How much time do you spend worrying about the next pay check?
Apart from the two months I mentioned above, I actually don’t worry too much about getting my next pay check. My income is really spread out so I don’t have one big lump sum that comes into my account each month. It tends to come in dribs and drabs. This means my account is never full with a nice chunky amount like it would be with a regular pay check. But it also means it’s never empty because at least 2-3 times a week I’ll have a different client pay me.
I’ve started to worry a little bit more now because I’ve just bought a house. I had a stash of savings that was my safety net if I ever had a bad month but now those savings have gone into the house deposit. Argh!

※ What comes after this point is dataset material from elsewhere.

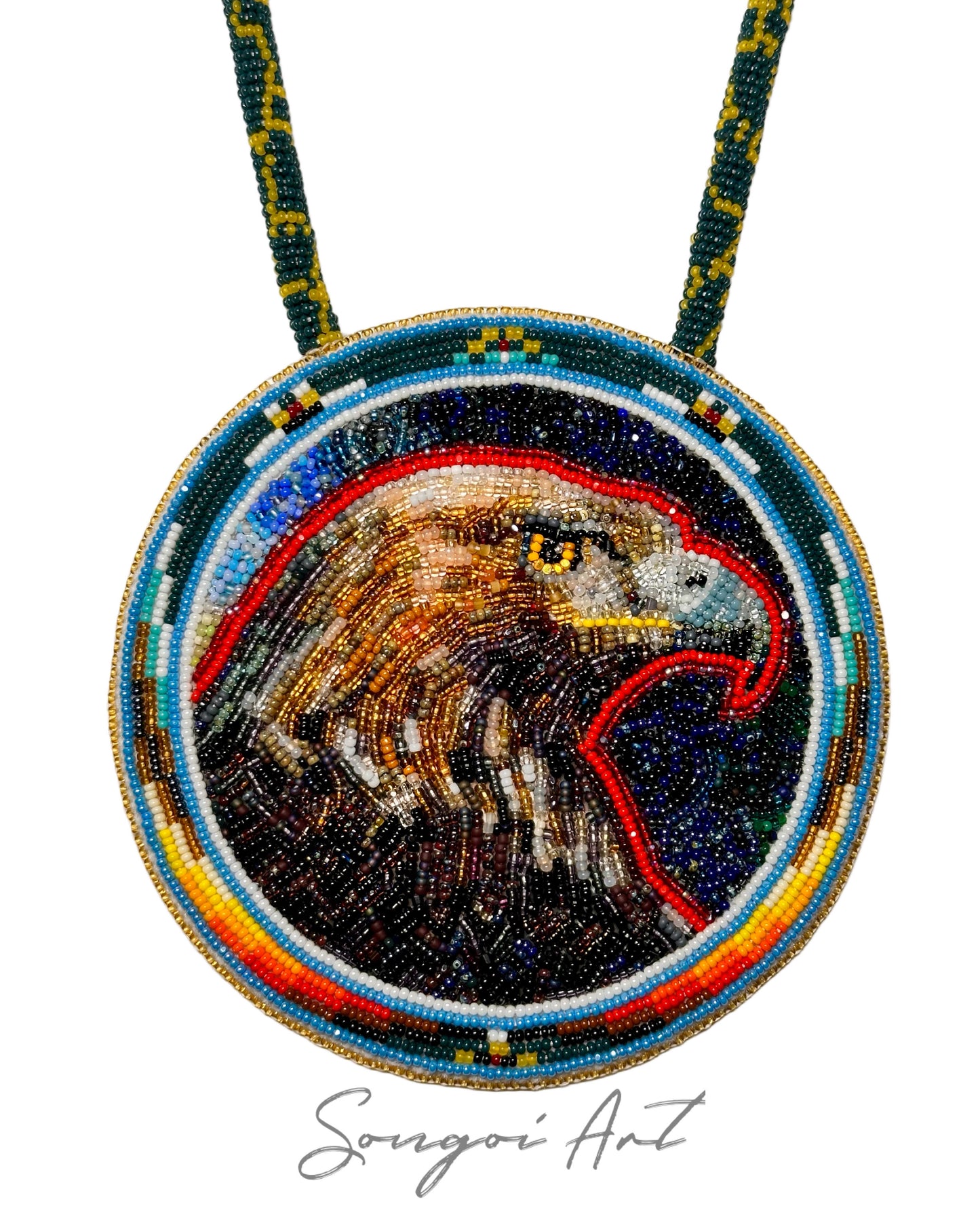 Golden Eagle Beaded Medallion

Would you do anything differently knowing what you know now?
The only thing I’d do differently is keep a closer record of my expenses. There is nothing more boring than going back through old receipts and bank statements!
I’d also set up a separate business bank account sooner. I used the same account for personal and business expenses at first and it all got very muddled and confusing.
Are you planning for 10, 30 years down the road?
No, I’m not really but I know I should. The problem with blogging is that things move so quickly and the internet changes. 2-3 years ago bloggers were making a fortune from selling sponsored links but that’s very much frowned upon these days so those bloggers have had to come up with a whole new strategy.
I think it’s important to think about the future but also adapt to the changes life throws at you. I regularly take courses to ensure I’m up to date with the latest trends and I think this year will be the year to develop and expand. But no, I’m really not sure exactly what I’ll be doing in 30 years time.
Do you have a contingency plan?
No. Sorry I can’t elaborate more but I just don’t. Maybe I should. Argh, that’s another thing to worry about.
How much time do you spend looking for travel writing opportunities?
I’ve actually been really lucky so far and I’ve only ever pitched for one job. That was a job I saw in a Facebook group so I just stumbled upon it during my regular scrolling.
Other than that I’ve always been approached by other people and then passed along as a recommendation. (I know, REALLY lucky!)
There was a time when I did a lot of networking and went to some kind of networking event at least once a week. This definitely helped to get to know the right people so, although I can’t quantify how much networking helped, I’m sure it did help a lot.
What would be the one thing you wish someone told you before taking the plunge into freelancing?
Make the most of having colleagues while you can. I really miss my work colleagues and often get lonely working alone. I’d give anything to have an annoying team meeting or get stuck chatting to someone at the water cooler!
It’s important to build up a network of other freelancers so you can support each other and chat about your work.
I also wish I’d known how difficult it would be to get a mortgage if you work for yourself.
I wasn’t planning on buying a house so it didn’t even cross my mind but things changed and my boyfriend and I decided to buy. It’s now costing us quite a lot extra to get me on the mortgage because I’m considered to be financially dependent on my boyfriend as I have less than 3 years worth of records to show my self-employed income. It’s really frustrating but that’s just the way it is.
And finally, the question that everyone really wants to know…
How am I doing financially?
Without going into too much detail (us Brits get funny about discussing how much we earn, you know), I’m doing pretty flipping well. Surprisingly well. I’m earning 40% more than I did in London and now I don’t live in London my expenses are pretty much halved.
So, yea, it’s all good and I’m really excited for the next year!
The very best advice I could give to anyone is to work hard and be nice. It’s a small world and people talk. Be nice to everyone and work your socks off and you really can’t go wrong. You don’t need to be a rocket scientist or have an uncle who knows ‘all the right people’. You just need to work flipping hard and be a nice person to be around.